Tag Archives: Croy Parish records

Abroad and at home

This May, I had the privilege of visiting the Archives Research Centre in Inverness, where I took a peak at Croy Parish Church registers. The Kirk, as it was known in those days. Unlike modern church sessions (at least, those of the mainline denominations with which I’m familiar), these Kirk sessions included provincial trials of misdeeds such as fist-fighting on the Sabbath.

Here’s an excerpt from one such record:

Croy July 13 1740 James Mitter Gardiner in [Cabrach] & Margaret Gordon in Mitten Delated for undecent correspondence are appointed to be cited to our next meeting of the Elders appointed to enquire into the grounds of such report. …
Croy July 20th 1740 Compeard James Mitter & Margaret Gordon & refusing their keeping any undecent correspondence the Elders were enquired if they searched into the grounds of such report & answered that they found there was such a flagrant story passing at that part of the Parish but that after diligent search they could find no ground for it.
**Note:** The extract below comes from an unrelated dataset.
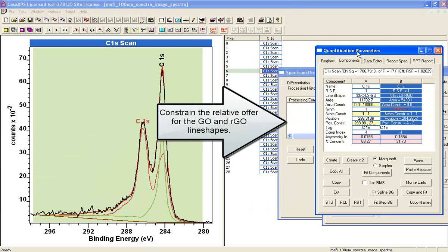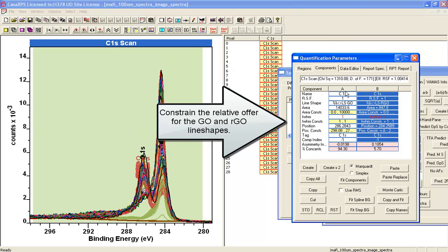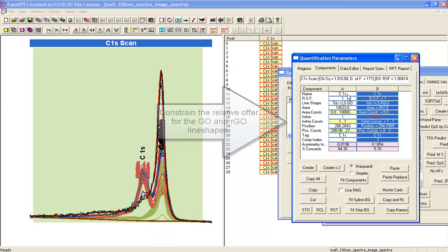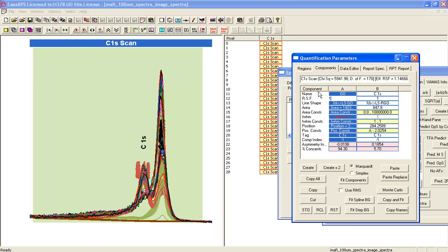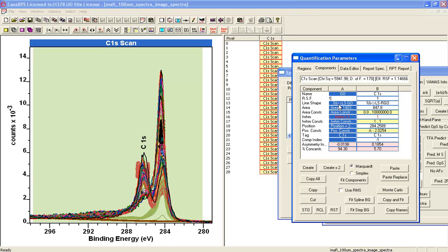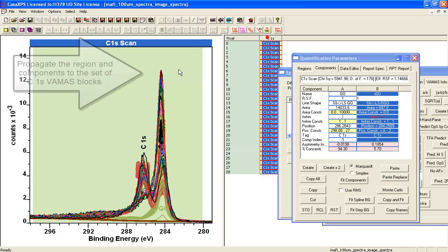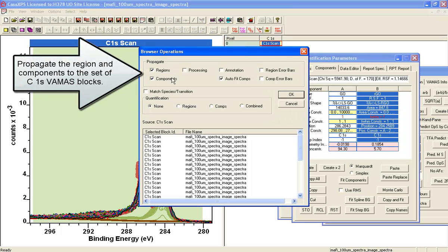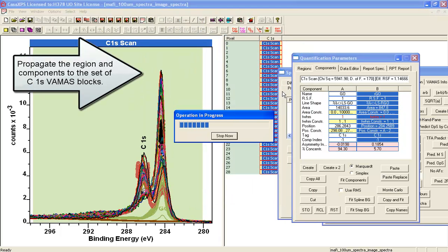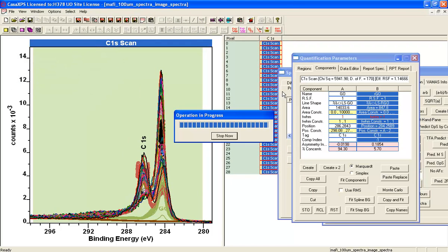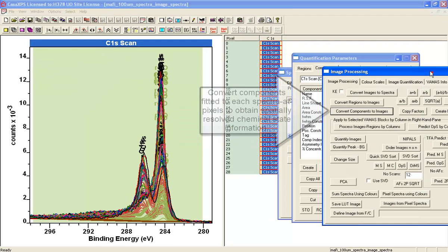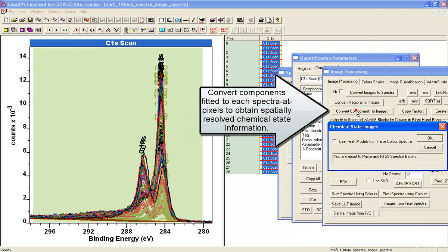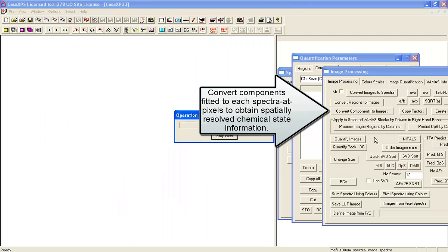What we need to do is say this is the graphene oxide, and this one is the reduced graphene oxide. We'll propagate those. Now, having overlaid them in the active tile, we can convert components to images.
Closed with prayer.

Can you imagine such a meeting of sessions at a mainline church today? People might actually turn out for the show. Strange words appear in the text: Delated. Compeard. Then again, it’s fortunate I didn’t have to decipher them from Gaelic.

“Delate” does appear in the Merriam-Webster, an archaic word that means to denounce or accuse. Not so the word “compeard.” Perhaps it is dialect? I don’t believe it is a misreading of the handwriting–here’s a sample of transcribed text of another such record I found in Google books:
book scots regional dialect

Back home, I found another tidbit of Scots 18th century history in the oddest place — the Genealogical Abstracts from Newspapers of the German Reformed Church 1830-1839, collected by Barbara Manning.
book genealogical abstracts
In an abstract from the Weekly Messenger of the German Reformed Church dated Aug. 9, 1837, is the following:

//LONGEVITY. RICHARD TAYLOR, the oldest pensioner in Chelsea Hospital England, died on the 10th of June, aged 104. He was a drummer boy at the battle of Culloden in 1745; his last action was that of Alexandria in Egypt where SIR RALPH ABERCROMBIE fell. //

Other than the fact that the Battle of Culloden occurred in 1746, let’s give this the benefit of the doubt and assume the rest is correct. The announcement tells me several things. First, that Richard Taylor was most likely a drummer boy for the British side of that engagement. Second, that if Taylor did live 104 years, he was a drummer boy in the King’s service at the young age of 13 years. Third, back in the day the Battle of Culloden was so well known that the editors of  this small German denominational newspaper in the U.S. felt this news from England worthy of note. Yet today, many people I talk with have never heard of Culloden.